* EXERCISE AIM: Copy each line below exactly and leave the pictures out.

[Captioned web images]
◆ ◆ ◆

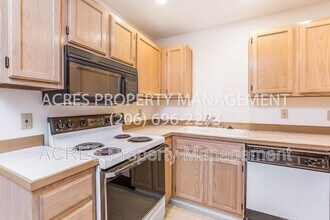 3028 Western Ave in Seattle, WA - Foto de edificio - Building Photo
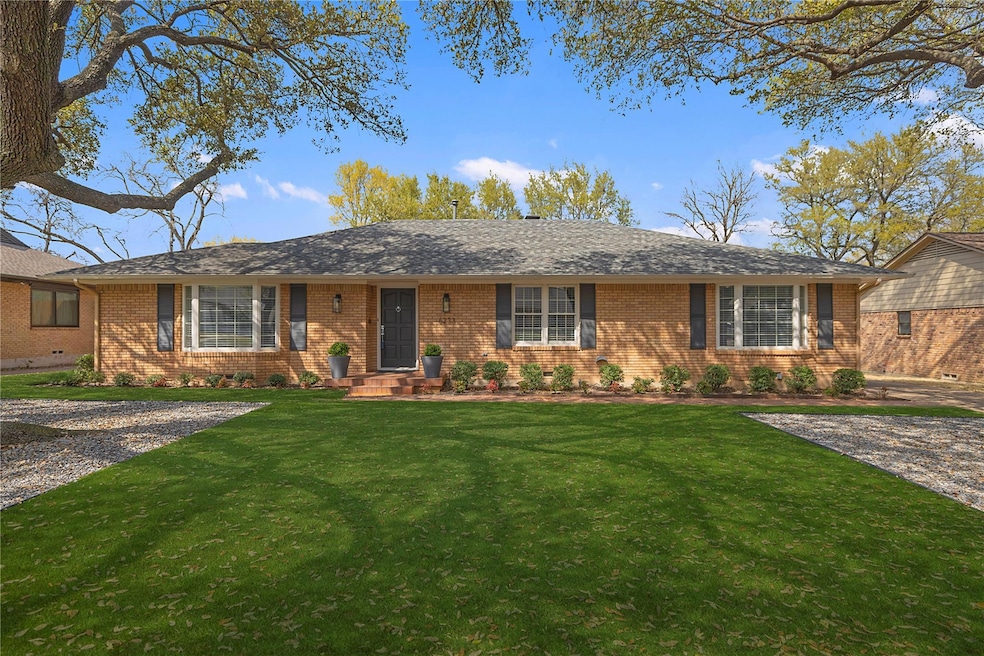 6233 E University Blvd, Dallas, TX 75214 - photo 1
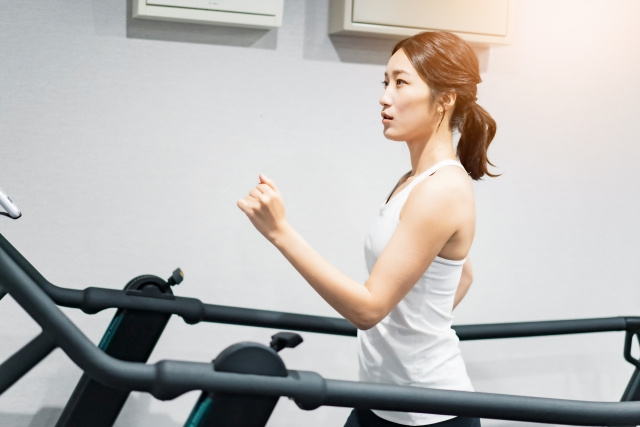 賃貸物件でルームランナーは使用できる？振動などの影響や選ぶ際のポイントをチェック！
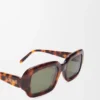 Gafas de sol rectangulares y delgadas
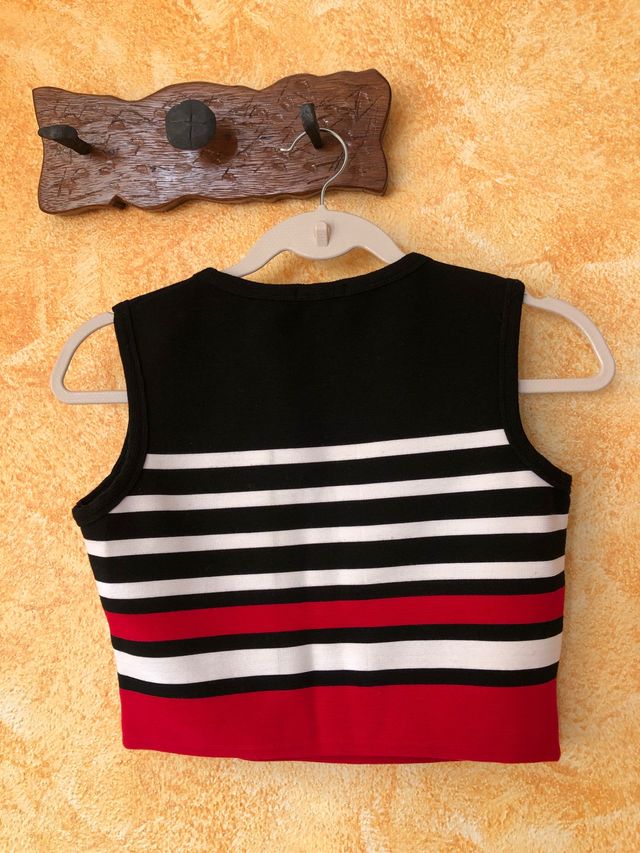 Top Stradivarius M. Efecto tejido. Elastico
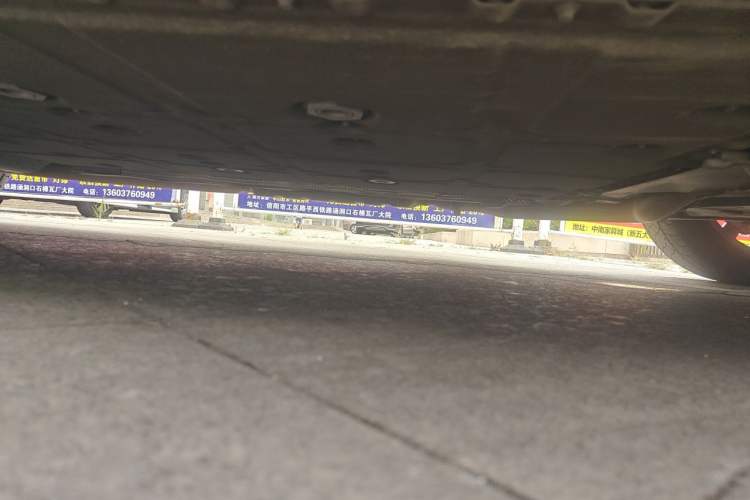 Used Lynk & Co 09 EM-P 2024 2.0TD EM-P Four-Wheel Drive PRO Seven-Seater Chassis Front Right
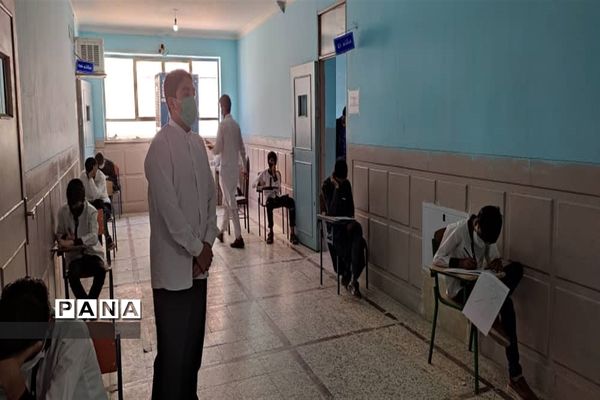 بازدید رئیس مجلس دانش‌آموزی پسران سیستان و بلوچستان از حوزه‌های امتحانی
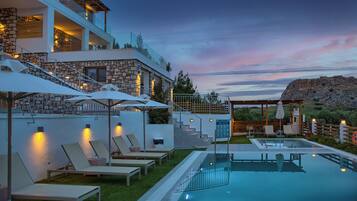 Seasonal outdoor pool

◆ ◆ ◆

* COMPLETED EXERCISE:
 3028 Western Ave in Seattle, WA - Foto de edificio - Building Photo
 6233 E University Blvd, Dallas, TX 75214 - photo 1
 賃貸物件でルームランナーは使用できる？振動などの影響や選ぶ際のポイントをチェック！
 Gafas de sol rectangulares y delgadas
 Top Stradivarius M. Efecto tejido. Elastico
 Used Lynk & Co 09 EM-P 2024 2.0TD EM-P Four-Wheel Drive PRO Seven-Seater Chassis Front Right
 بازدید رئیس مجلس دانش‌آموزی پسران سیستان و بلوچستان از حوزه‌های امتحانی
 Seasonal outdoor pool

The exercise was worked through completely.